Background: Hemoglobinopathies and thalassemia are defined as a group of inherited blood disorders characterized by a variable degree of anemia with a wide spectrum of clinical symptoms. They are commonly found in the Mediterranean area, sub-Sahara Africa, Middle East, Central India, and Southeast Asia with an estimation of 400,000 babies born annually with serious hemoglobinopathies. Of those, 90% of the births occur in underdevel-oped or developing countries. This study was undertaken to investigate the prevalence of hemoglobin disorders among anemic patients who visited a tertiary care setting represented by King Abdulaziz University Hospital.

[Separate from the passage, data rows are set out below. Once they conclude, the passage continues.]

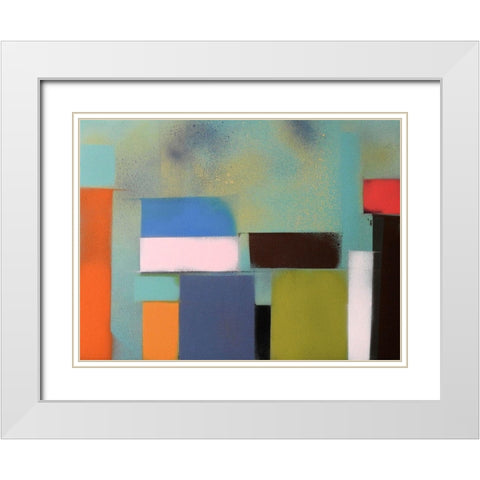 Urban Hues 02 White Modern Wood Framed Art Print with Double Matting by Miller, Gill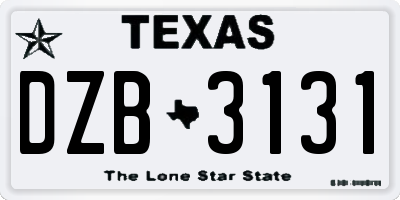 TX license plate DZB3131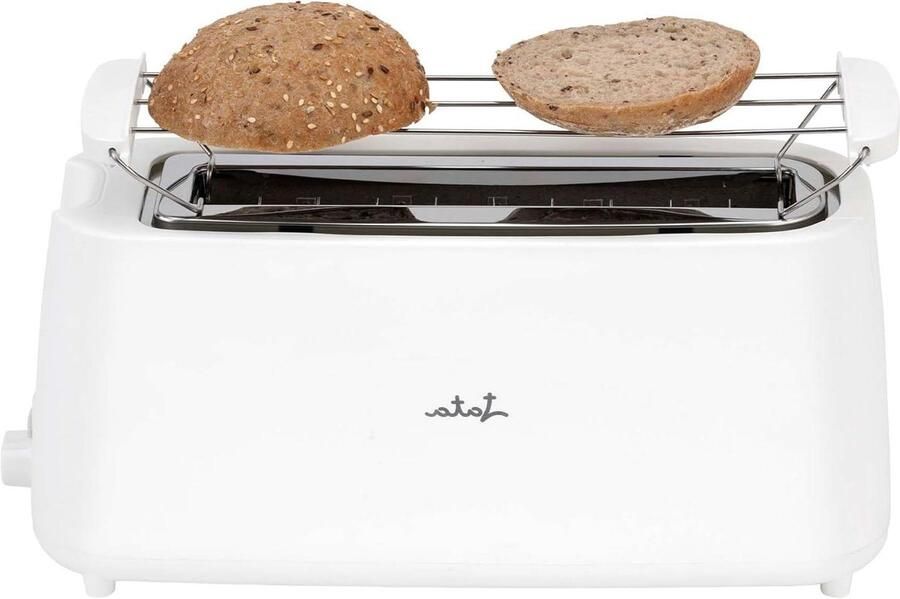 Broodrooster met brede sleuf Toastapparaat Broodmaker Perfect Ontbijt Maken Automatische Centrering 40 mm sleuf Wit
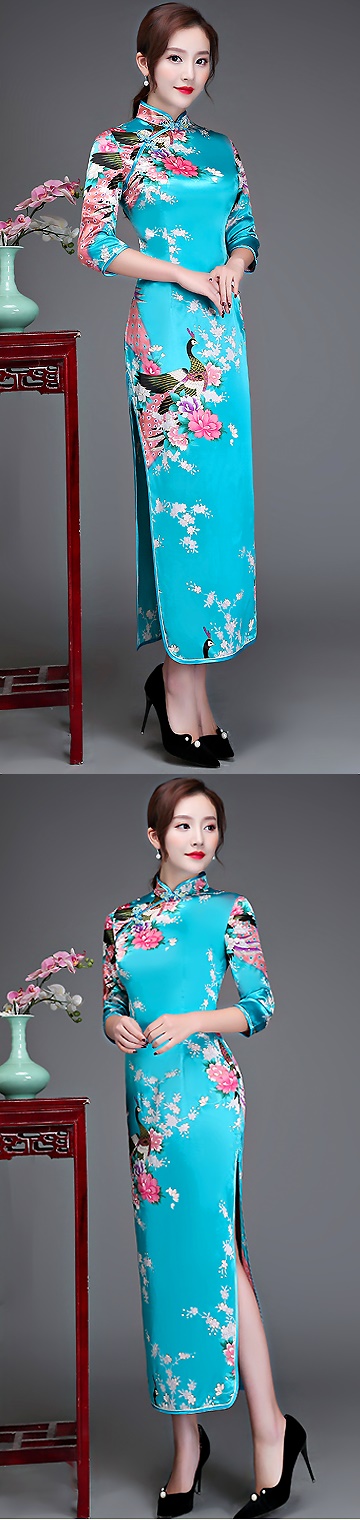 3/4-sleeve Long-length Cheongsam (RM)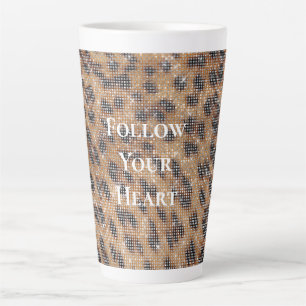 Brown Leopard Animal Print Sparkle Latte Mug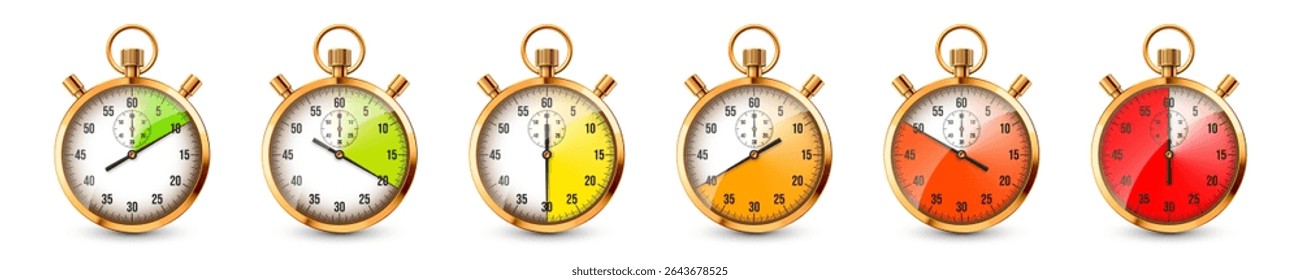 Realistic classic stopwatch. Shiny golden metal chronometer, time counter with dial. Colorful countdown timer showing minutes, seconds. Time measurement for sport, start, finish. Vector illustration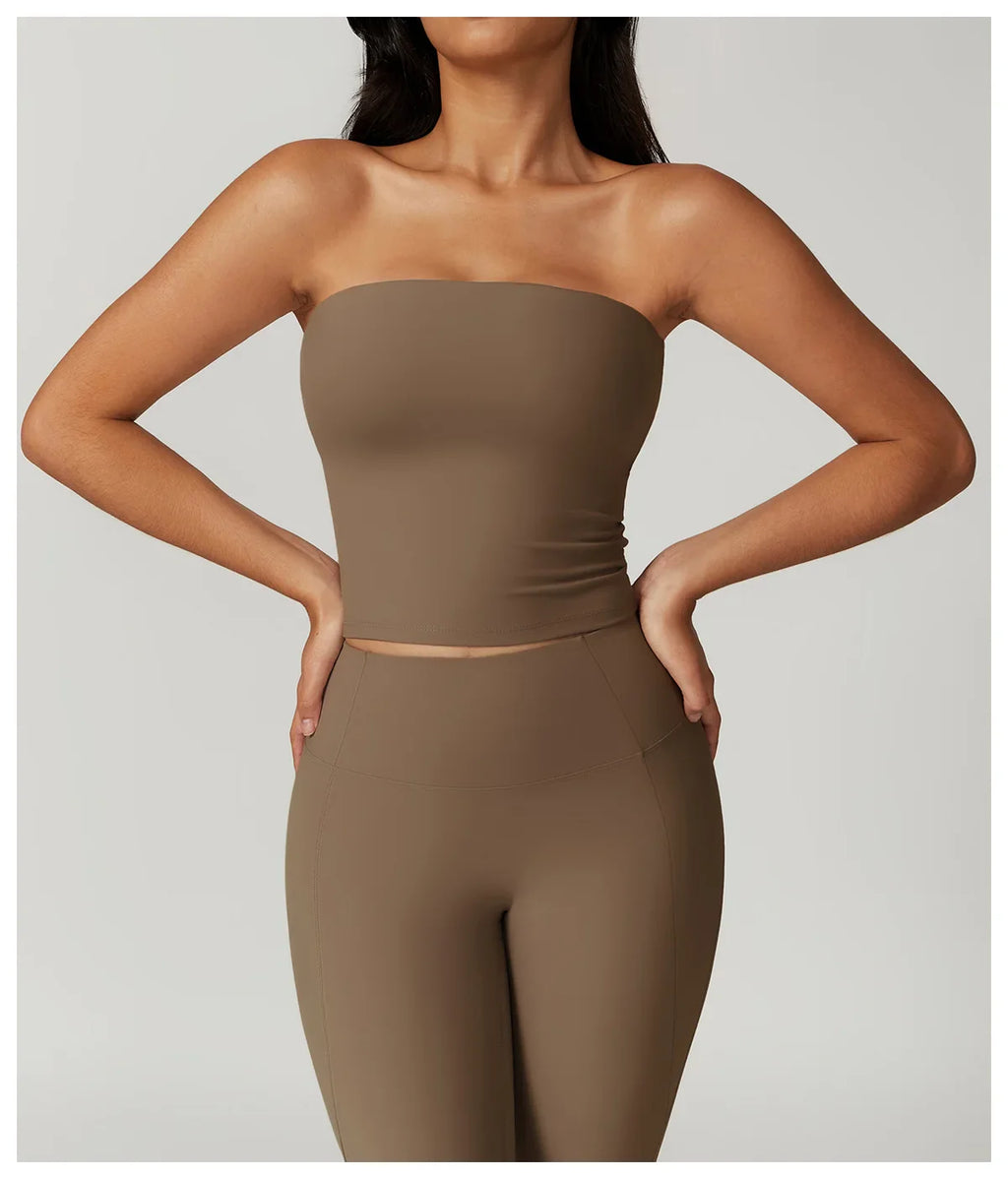 Strapless Yoga Vest for Women Underwear Sexy Beautiful Back Sports Bra for Women's Gym Shock-absorbing Quick Drying Fitness Top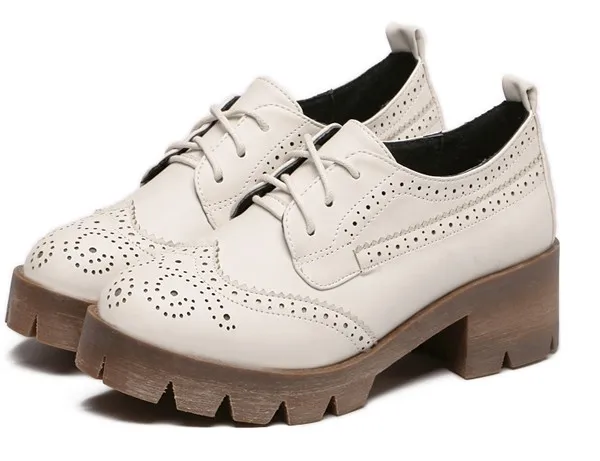 Cream Baroque Lace Up Cleated Heels Oxfords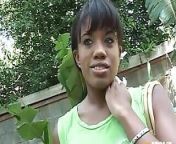 Pretty ebony gets picked up and gets her pussy pumped deep to get a favor from neighbour girl get fuck for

Methods: This is a cross sectional study which investigated blood samples from 668 anemic patients for possible causes of anemia. This investigation involved the use of complete blood count, hemoglobin separation using capillary electrophoresis, and measurement of nutritional elements commonly investigated for anemia.
Results: We found that the frequency of different types of hemoglobinopathies and thalassemia among the subjects were as follow; normal (HbAA) 439 (65.7%); Sickle Cell Trait (HbAS) 65 (9.7%); Sickle Cell Anemia (HbSS) 63 (9.4%); β-thalassemia trait 48 (7.2%); Hb S/β 27 (4.0%); HbH 7 (1.0%); HbE 6 (0.9%); beta-thalassemia major 6 (0.9%); Hb E/beta-thalassemia 4 (0.6%); HbC 1 (0.1%); HbD 1 (0.1%) and HbSC 1 (0.1%).
Conclusions: The findings of this study emphasize the necessity of increasing public health education, neonatal and adult screening programs, as well as nutritional guidance and plans to start the eradication of this burden.